A Comparative Analysis of Data Protection Requirements in the European Union and the Us Focusing on Germany and California

Publication year2019
AuthorDyann Heward-Mills*
A COMPARATIVE ANALYSIS OF DATA PROTECTION REQUIREMENTS IN THE EUROPEAN UNION AND THE US FOCUSING ON GERMANY AND CALIFORNIA

Dyann Heward-Mills*

Helga Turku**

I. INTRODUCTION

In May 2018, the European Union (EU) adopted the General Data Protection Regulation (GDPR), which aims to modernize and harmonize EU data protection laws across Europe. Other recent EU legislation on data protection includes the Data Protection Law Enforcement Directive1 (which protects data used by criminal law enforcement authorities) and the Data Protection Regulation (which protects data used by EU institutions and bodies).2 The EU has taken the view that rigorous data protection regulations are essential to safeguard the rights and freedoms of individuals in a democracy.3

The right to privacy is a fundamental human right enshrined in the Universal Declaration of Human Rights,4 the European Convention on Human Rights,5 and the European Charter of Fundamental Rights,6 and the GDPR extends this right to data protection. In a global economy — increasingly driven by big data — personal data is not only an essential element of human dignity but also a valuable asset that needs protection.

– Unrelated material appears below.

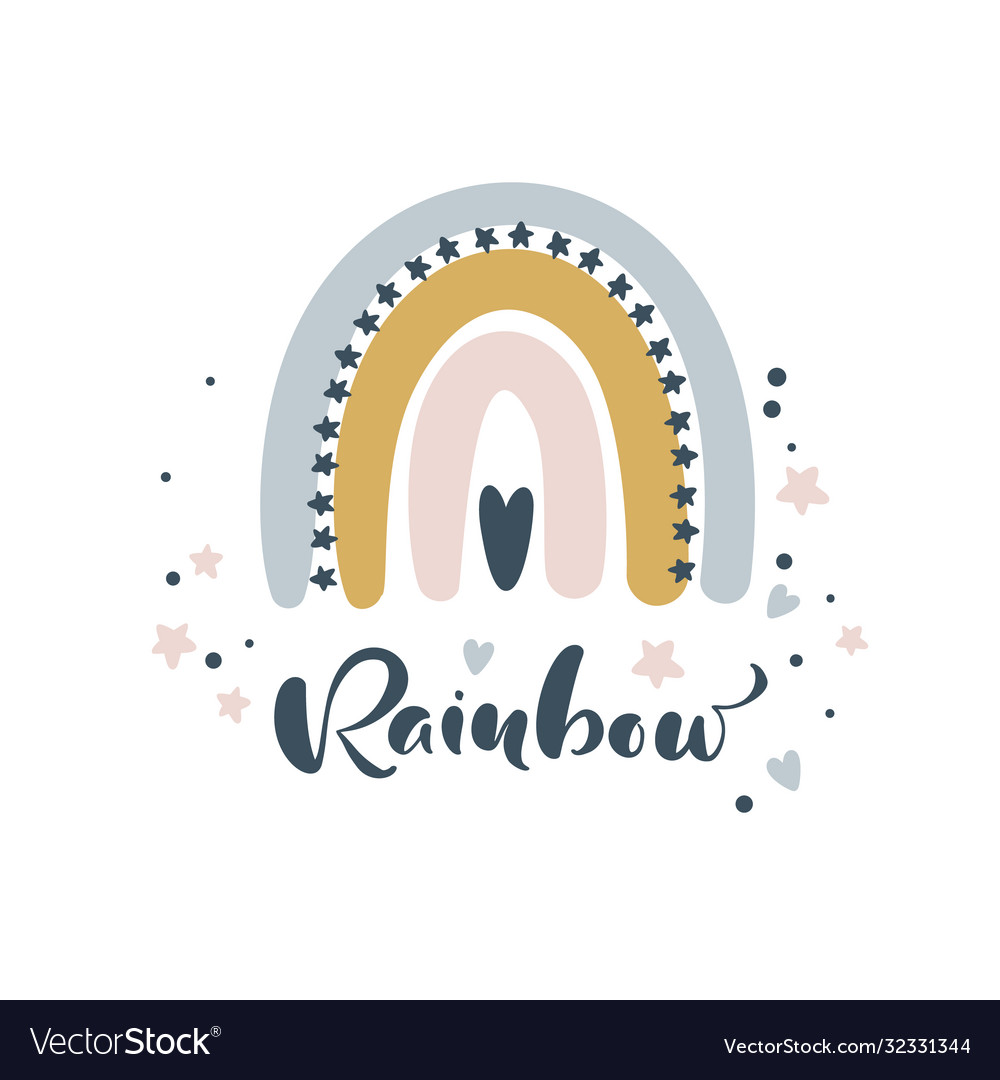 Rainbow calligraphy lettering text Royalty Free Vector Image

Public awareness of data protection issues and expectations that personal data will be protected and appropriately handled have been increasing exponentially in recent years. Identity theft, data leaks, illegal content sharing, discriminatory practices, and intrusive surveillance are among the issues generating interest in stronger data protection laws. Legislative bodies around the world are responding to such public demand by adopting or taking steps to adopt comprehensive data protection rules.

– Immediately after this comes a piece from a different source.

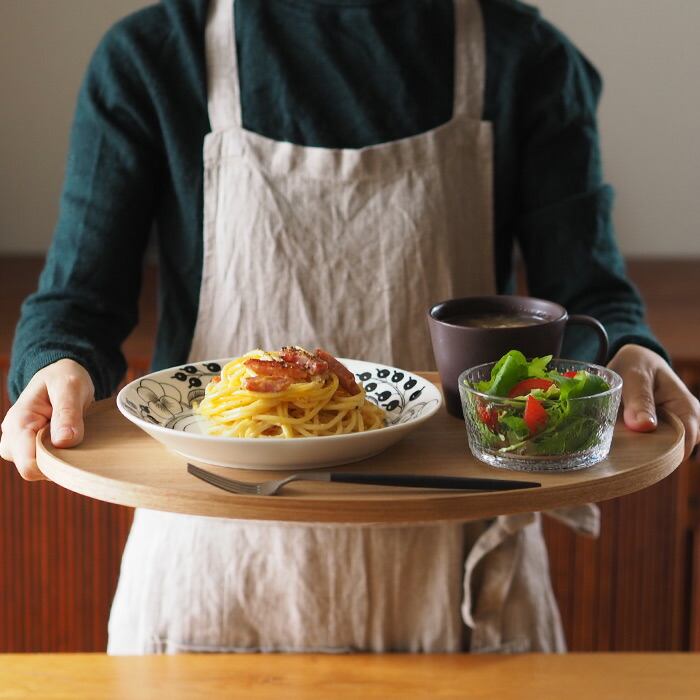 松屋漆器店　白木　14.0寸小判盆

Headlines abound regarding staggering fines imposed: $5 billion against Facebook by the US Federal Trade Commission (FTC), $170 million against Google's YouTube by the FTC and New York's Attorney General, $100 million against Facebook by the US Securities and Exchange Commission, and €57m against Google by the French Data Protection Authority. In the UK alone, the UK Information Commissioner's Office imposed a £500,000 fine against Facebook, £183.4 million against British Airways, and £99.2 million against Marriott. Data protection has become a serious issue and the appropriate agencies are taking action. Companies must safeguard their consumers' data.

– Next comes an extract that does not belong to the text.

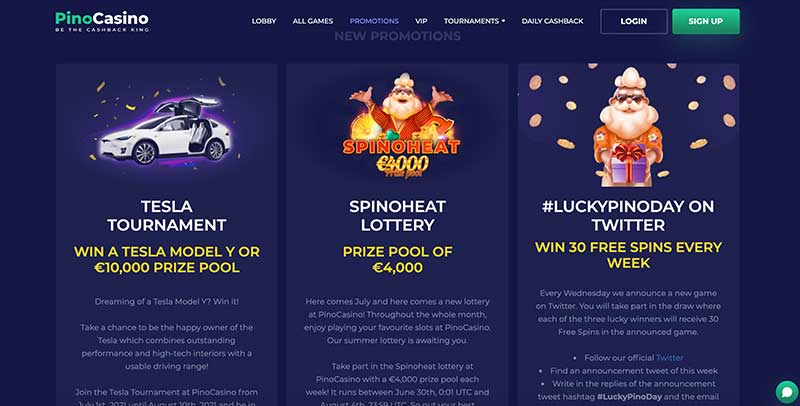 PinoCasino live casino met echte dealers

Although the regulatory regimes are still developing, some governments are getting out in front of the issues and taking action to protect data. This article explores three such examples: laws adopted at EU level, in Germany, and in California. Comparing and contrasting these three examples, the article shows how data protection laws have been fashioned in these different jurisdictions and offers insights on general trends in data protection. Any business operating in the EU and California would be wise to carefully read and abide by these new and imminent data protection laws.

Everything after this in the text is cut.